#### What needs to be done:
Everything in the listing should be transcribed exactly, apart from the pictures.
___ Raw data ___
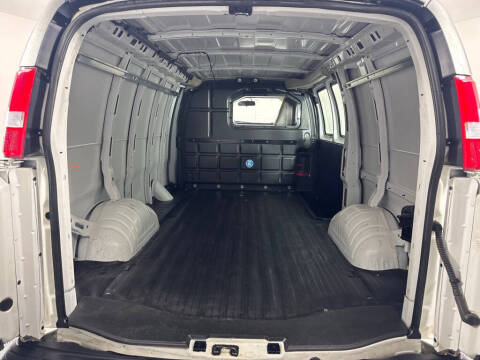 2020 Chevrolet Express 2500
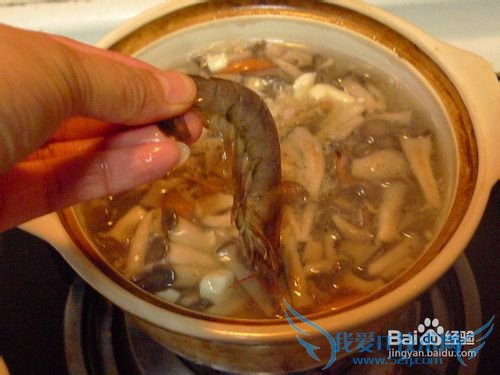 温暖鲜美的----鲜虾豆腐菌菇煲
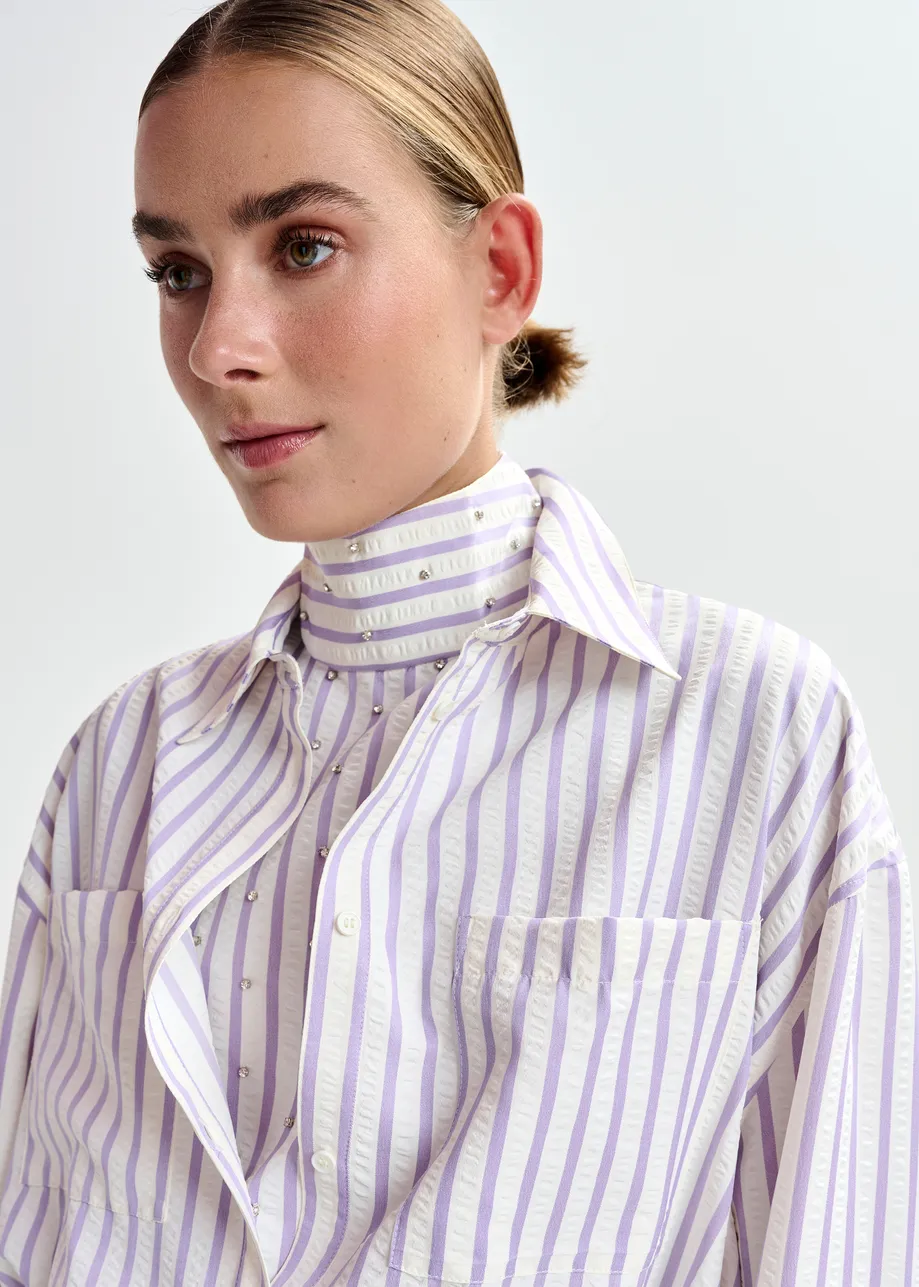 Paars en gebroken wit overhemd met plastron en stras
___
#### Response:
 2020 Chevrolet Express 2500
 温暖鲜美的----鲜虾豆腐菌菇煲
 Paars en gebroken wit overhemd met plastron en stras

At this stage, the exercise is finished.